▶ What you are asked to do: Locate each line below that includes "Tiguan" and reproduce it.

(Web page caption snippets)
☆ ☆ ☆ ☆ ☆ ☆ ☆
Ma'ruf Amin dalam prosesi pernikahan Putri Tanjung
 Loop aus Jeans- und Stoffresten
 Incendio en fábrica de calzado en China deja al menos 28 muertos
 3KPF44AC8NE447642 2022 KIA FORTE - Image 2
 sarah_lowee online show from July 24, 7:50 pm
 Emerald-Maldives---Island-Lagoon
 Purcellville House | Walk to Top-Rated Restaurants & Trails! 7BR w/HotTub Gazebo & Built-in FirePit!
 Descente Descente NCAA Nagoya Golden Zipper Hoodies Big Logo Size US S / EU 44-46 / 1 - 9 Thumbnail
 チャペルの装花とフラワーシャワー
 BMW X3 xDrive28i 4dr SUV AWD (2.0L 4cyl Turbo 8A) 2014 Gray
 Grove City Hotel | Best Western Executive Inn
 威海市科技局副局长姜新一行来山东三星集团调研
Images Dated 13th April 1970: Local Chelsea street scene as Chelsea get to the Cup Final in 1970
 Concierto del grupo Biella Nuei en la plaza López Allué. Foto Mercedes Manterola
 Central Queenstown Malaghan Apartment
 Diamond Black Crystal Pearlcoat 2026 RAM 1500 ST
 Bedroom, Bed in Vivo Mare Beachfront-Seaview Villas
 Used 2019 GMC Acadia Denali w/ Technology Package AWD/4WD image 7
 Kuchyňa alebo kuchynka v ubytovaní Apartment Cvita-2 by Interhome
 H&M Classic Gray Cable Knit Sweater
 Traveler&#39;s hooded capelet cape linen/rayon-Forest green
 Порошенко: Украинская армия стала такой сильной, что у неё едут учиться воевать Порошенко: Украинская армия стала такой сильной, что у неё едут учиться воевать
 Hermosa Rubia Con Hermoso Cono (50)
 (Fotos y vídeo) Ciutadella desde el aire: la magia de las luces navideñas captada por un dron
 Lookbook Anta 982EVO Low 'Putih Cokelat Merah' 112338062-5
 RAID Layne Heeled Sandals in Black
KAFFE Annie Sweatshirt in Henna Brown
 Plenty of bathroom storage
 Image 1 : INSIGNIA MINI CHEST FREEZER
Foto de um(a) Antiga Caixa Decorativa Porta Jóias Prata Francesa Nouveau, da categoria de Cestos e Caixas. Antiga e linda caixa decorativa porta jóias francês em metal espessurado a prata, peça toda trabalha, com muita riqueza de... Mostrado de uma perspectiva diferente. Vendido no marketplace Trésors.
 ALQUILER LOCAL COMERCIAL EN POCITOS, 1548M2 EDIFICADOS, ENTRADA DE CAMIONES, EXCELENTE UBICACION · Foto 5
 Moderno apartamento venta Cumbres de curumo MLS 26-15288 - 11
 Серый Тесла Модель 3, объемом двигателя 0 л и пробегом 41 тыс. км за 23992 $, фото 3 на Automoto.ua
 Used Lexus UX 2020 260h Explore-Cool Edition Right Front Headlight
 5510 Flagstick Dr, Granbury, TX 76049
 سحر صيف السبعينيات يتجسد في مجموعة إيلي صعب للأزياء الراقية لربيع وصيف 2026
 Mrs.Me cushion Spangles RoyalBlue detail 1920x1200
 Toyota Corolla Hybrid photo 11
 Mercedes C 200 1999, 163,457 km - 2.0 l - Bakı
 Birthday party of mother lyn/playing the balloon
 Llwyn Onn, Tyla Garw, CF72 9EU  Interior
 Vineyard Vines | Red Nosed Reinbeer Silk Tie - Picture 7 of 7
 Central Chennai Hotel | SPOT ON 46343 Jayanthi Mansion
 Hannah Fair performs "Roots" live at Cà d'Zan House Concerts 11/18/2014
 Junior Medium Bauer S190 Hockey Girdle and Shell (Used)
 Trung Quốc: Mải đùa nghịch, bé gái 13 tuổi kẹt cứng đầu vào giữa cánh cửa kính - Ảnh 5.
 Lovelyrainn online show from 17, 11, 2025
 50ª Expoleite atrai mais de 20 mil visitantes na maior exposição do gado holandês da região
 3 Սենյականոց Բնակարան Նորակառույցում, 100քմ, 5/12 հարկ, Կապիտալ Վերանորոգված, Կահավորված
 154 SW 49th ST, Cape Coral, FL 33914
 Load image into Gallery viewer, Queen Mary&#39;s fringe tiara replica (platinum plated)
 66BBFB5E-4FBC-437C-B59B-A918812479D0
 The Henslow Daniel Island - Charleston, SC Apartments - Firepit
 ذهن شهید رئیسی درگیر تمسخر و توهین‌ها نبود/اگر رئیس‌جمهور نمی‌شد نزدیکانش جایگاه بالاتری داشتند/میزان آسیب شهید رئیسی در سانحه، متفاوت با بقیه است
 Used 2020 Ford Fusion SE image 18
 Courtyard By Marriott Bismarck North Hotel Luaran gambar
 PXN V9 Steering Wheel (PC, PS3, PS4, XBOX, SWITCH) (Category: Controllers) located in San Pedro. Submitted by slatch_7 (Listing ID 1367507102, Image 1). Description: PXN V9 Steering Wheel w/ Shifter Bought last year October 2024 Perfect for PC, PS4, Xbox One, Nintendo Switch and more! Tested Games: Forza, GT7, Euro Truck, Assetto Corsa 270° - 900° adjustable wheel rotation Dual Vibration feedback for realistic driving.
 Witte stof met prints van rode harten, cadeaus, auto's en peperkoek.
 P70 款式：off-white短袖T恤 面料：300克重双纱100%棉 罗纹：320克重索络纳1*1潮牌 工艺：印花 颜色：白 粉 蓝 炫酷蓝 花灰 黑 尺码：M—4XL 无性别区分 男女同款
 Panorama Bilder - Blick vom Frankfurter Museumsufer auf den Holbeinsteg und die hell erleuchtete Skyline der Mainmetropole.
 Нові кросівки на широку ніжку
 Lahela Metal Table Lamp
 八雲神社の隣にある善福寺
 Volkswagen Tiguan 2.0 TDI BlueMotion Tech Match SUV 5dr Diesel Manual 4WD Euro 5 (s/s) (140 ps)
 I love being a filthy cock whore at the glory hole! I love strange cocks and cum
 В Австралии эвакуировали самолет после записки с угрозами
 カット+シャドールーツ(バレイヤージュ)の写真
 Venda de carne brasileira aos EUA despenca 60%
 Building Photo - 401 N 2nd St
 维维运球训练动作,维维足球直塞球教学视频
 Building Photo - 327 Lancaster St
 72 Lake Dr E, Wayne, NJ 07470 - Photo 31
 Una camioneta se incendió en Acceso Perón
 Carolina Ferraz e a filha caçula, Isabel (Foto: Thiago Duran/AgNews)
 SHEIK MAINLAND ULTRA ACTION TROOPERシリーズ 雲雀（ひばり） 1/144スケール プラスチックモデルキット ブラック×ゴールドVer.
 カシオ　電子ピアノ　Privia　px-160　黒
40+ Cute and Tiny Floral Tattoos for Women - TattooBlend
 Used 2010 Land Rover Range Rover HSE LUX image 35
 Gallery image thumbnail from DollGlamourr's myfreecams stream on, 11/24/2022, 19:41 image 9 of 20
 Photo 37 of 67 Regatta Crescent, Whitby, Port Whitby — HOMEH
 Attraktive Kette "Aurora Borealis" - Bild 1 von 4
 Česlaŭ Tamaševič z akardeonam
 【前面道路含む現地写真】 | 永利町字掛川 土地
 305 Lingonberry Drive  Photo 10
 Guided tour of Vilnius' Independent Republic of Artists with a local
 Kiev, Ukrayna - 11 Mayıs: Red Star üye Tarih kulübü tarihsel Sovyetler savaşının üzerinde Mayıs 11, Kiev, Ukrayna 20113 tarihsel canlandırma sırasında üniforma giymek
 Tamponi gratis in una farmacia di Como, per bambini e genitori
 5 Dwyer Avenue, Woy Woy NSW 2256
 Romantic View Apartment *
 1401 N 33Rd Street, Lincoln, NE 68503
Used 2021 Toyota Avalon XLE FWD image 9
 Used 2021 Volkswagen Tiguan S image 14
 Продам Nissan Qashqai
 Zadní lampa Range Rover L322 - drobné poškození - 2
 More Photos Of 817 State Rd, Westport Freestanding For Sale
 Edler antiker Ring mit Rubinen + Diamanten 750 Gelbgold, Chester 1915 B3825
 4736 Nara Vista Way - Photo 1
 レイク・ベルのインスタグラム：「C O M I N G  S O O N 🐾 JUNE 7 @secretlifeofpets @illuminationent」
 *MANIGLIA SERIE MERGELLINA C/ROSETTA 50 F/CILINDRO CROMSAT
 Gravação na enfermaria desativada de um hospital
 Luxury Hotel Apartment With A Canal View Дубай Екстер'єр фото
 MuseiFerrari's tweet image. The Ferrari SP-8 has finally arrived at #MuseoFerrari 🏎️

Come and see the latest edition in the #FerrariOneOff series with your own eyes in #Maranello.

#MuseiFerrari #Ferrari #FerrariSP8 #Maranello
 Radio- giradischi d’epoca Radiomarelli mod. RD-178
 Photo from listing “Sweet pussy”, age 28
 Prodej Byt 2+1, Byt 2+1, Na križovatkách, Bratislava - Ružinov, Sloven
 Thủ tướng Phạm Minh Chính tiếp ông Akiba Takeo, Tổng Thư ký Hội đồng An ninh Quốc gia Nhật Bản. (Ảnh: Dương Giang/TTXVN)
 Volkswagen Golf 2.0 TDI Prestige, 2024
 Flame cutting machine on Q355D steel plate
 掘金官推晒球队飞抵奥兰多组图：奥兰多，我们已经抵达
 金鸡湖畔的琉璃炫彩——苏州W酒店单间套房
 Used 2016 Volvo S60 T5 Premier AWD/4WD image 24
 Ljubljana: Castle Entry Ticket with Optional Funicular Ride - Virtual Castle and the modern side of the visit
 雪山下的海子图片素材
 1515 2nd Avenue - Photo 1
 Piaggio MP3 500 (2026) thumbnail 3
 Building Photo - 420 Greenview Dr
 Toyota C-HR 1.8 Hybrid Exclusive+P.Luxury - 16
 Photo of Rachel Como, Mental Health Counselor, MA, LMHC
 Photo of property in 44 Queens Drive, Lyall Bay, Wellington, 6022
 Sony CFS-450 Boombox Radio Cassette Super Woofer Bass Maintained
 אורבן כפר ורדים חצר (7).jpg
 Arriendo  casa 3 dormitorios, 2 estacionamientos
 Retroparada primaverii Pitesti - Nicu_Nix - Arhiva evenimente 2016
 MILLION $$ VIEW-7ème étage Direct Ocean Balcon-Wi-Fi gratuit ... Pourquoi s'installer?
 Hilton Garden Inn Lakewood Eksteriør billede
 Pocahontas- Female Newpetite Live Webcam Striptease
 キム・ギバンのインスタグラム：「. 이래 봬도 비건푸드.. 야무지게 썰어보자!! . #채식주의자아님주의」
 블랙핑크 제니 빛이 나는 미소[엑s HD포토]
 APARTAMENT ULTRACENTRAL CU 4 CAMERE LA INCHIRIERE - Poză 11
☆ ☆ ☆ ☆ ☆ ☆ ☆
▶ Result for this exercise:
 Volkswagen Tiguan 2.0 TDI BlueMotion Tech Match SUV 5dr Diesel Manual 4WD Euro 5 (s/s) (140 ps)
 Used 2021 Volkswagen Tiguan S image 14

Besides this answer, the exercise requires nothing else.